_Required action_.
Print nothing but the lines below starting at the line that holds "3 bed detached" and ending at the line that holds "Tommy Jeans Bisiklet", including both, each exactly as written.

-- Data extract follows --

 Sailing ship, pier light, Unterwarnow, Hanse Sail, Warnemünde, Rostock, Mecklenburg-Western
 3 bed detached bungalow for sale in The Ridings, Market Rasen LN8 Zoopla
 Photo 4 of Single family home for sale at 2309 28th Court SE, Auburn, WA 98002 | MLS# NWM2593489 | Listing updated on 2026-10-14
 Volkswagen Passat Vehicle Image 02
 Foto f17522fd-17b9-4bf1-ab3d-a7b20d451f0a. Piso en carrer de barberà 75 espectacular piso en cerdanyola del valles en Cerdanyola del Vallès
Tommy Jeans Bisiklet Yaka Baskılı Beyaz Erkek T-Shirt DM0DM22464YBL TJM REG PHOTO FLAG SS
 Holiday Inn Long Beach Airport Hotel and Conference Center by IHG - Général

-- Data extract concluded --
-- Data extract follows --

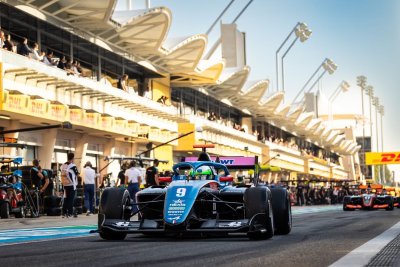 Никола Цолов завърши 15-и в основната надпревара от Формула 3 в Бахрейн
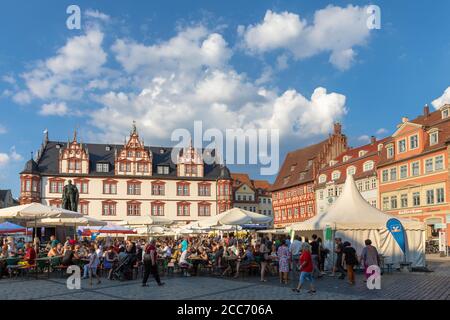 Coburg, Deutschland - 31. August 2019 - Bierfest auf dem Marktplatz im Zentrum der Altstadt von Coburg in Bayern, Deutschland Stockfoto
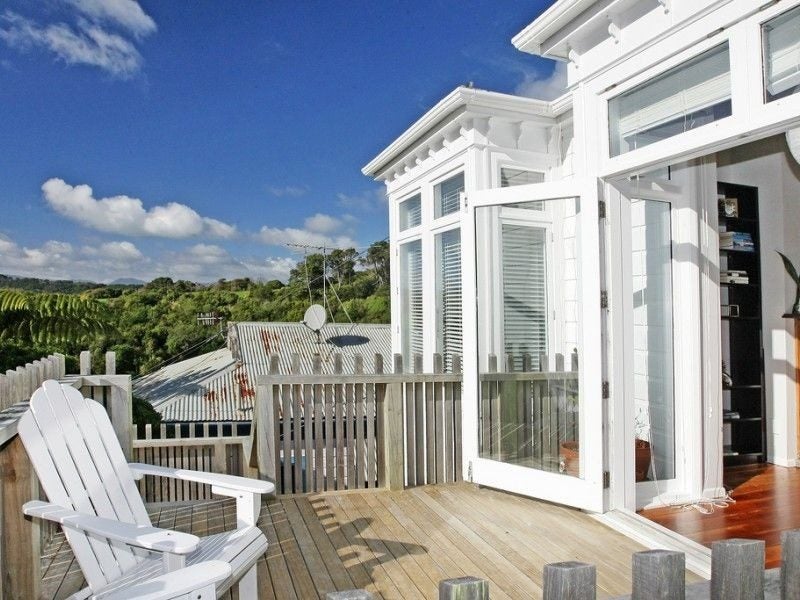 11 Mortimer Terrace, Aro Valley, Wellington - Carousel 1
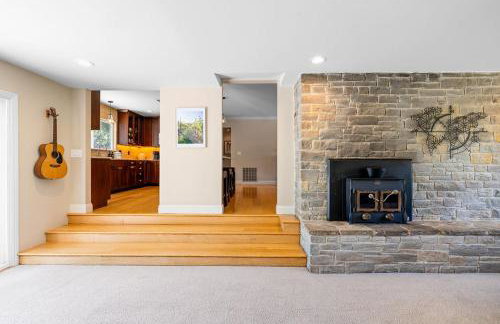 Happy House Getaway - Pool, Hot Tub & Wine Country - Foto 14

-- Data extract concluded --
-- Data extract follows --

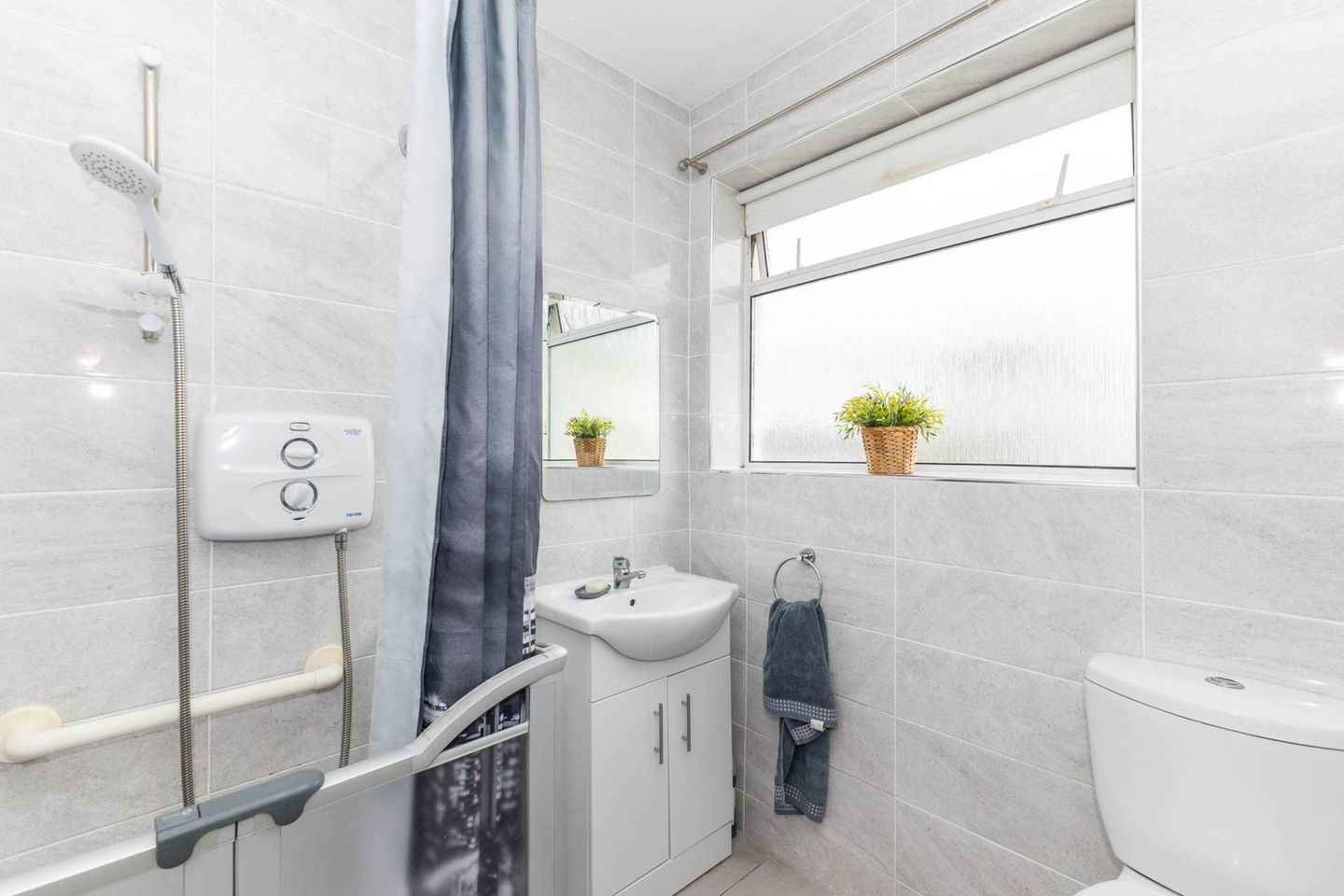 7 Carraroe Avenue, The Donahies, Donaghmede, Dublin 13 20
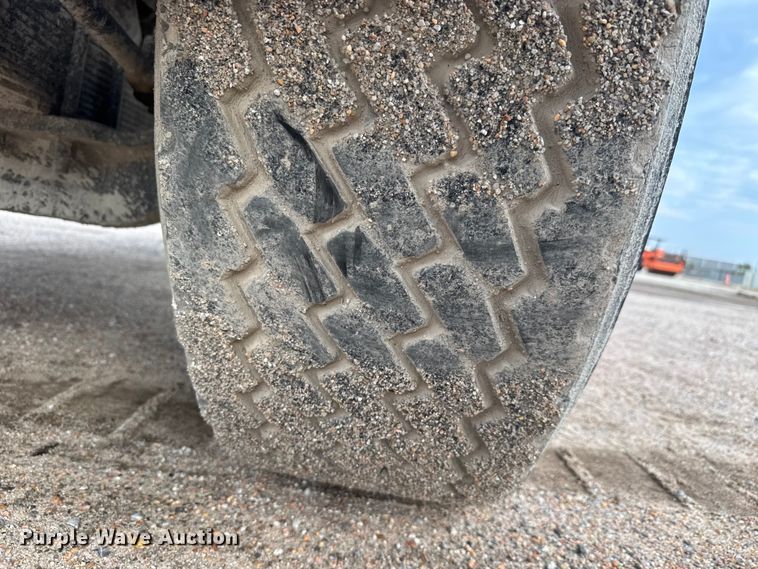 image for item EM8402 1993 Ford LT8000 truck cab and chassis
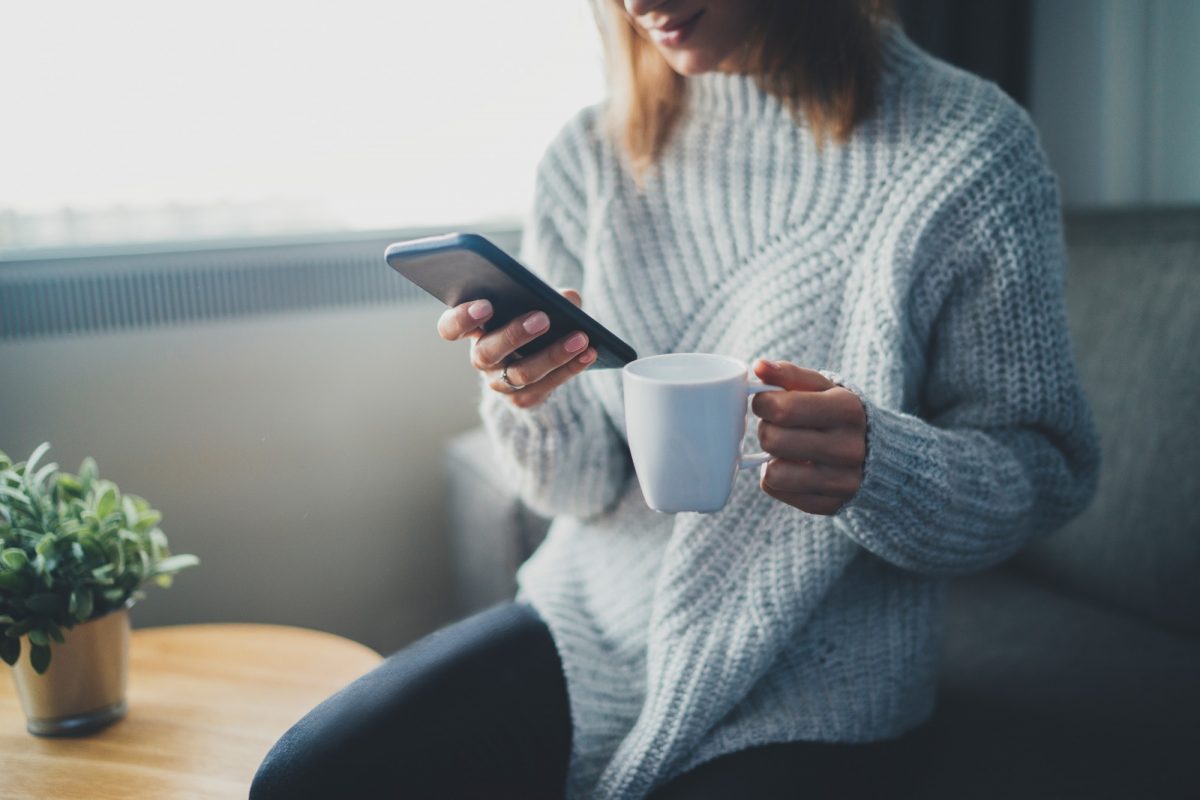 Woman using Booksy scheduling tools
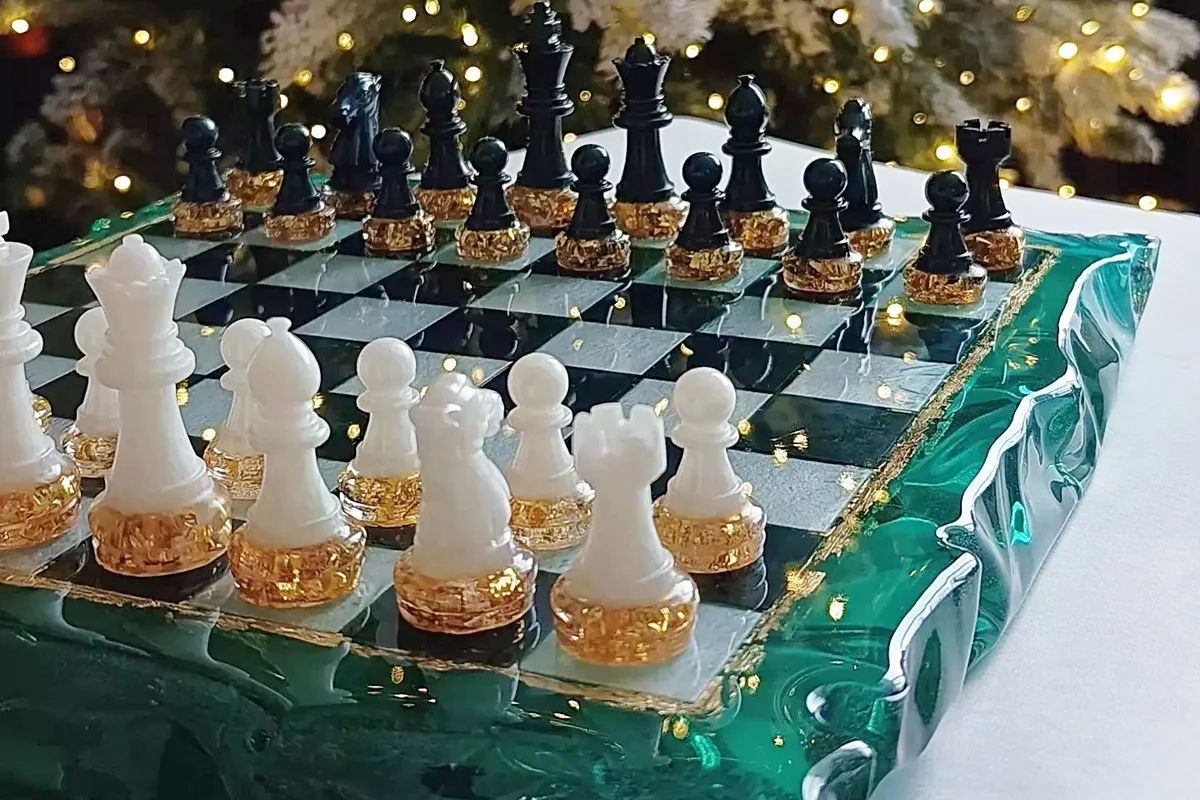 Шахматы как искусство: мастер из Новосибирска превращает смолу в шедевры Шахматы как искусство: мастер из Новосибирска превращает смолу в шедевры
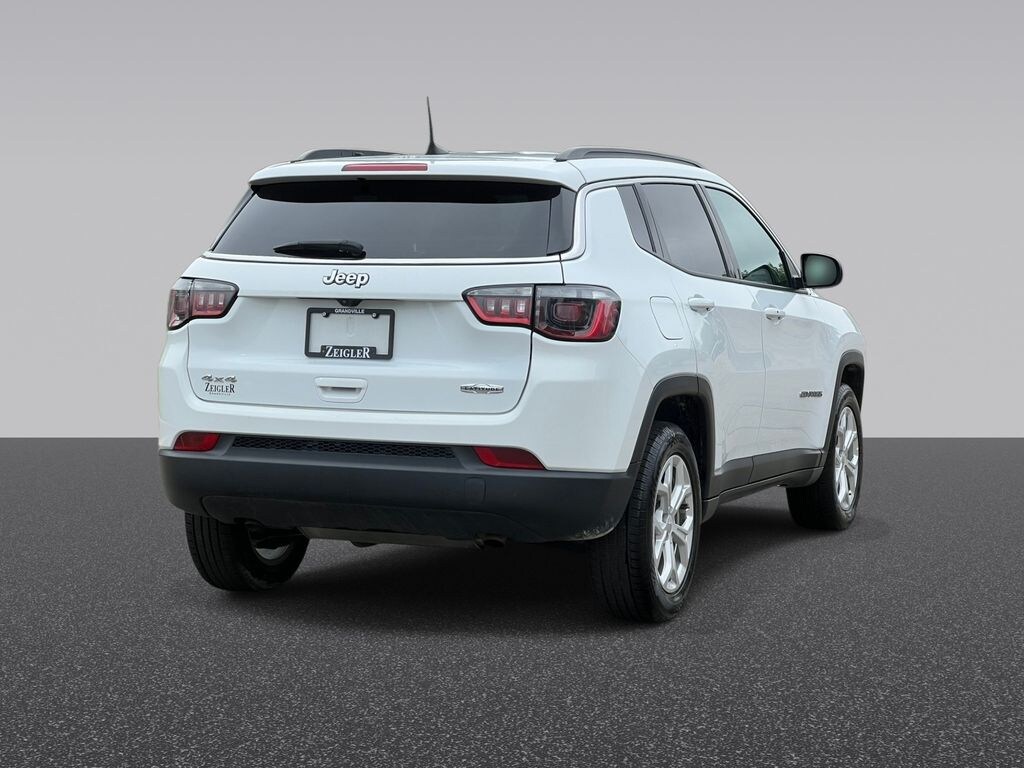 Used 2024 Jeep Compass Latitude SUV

-- Data extract concluded --

_Response box_.
 3 bed detached bungalow for sale in The Ridings, Market Rasen LN8 Zoopla
 Photo 4 of Single family home for sale at 2309 28th Court SE, Auburn, WA 98002 | MLS# NWM2593489 | Listing updated on 2026-10-14
 Volkswagen Passat Vehicle Image 02
 Foto f17522fd-17b9-4bf1-ab3d-a7b20d451f0a. Piso en carrer de barberà 75 espectacular piso en cerdanyola del valles en Cerdanyola del Vallès
Tommy Jeans Bisiklet Yaka Baskılı Beyaz Erkek T-Shirt DM0DM22464YBL TJM REG PHOTO FLAG SS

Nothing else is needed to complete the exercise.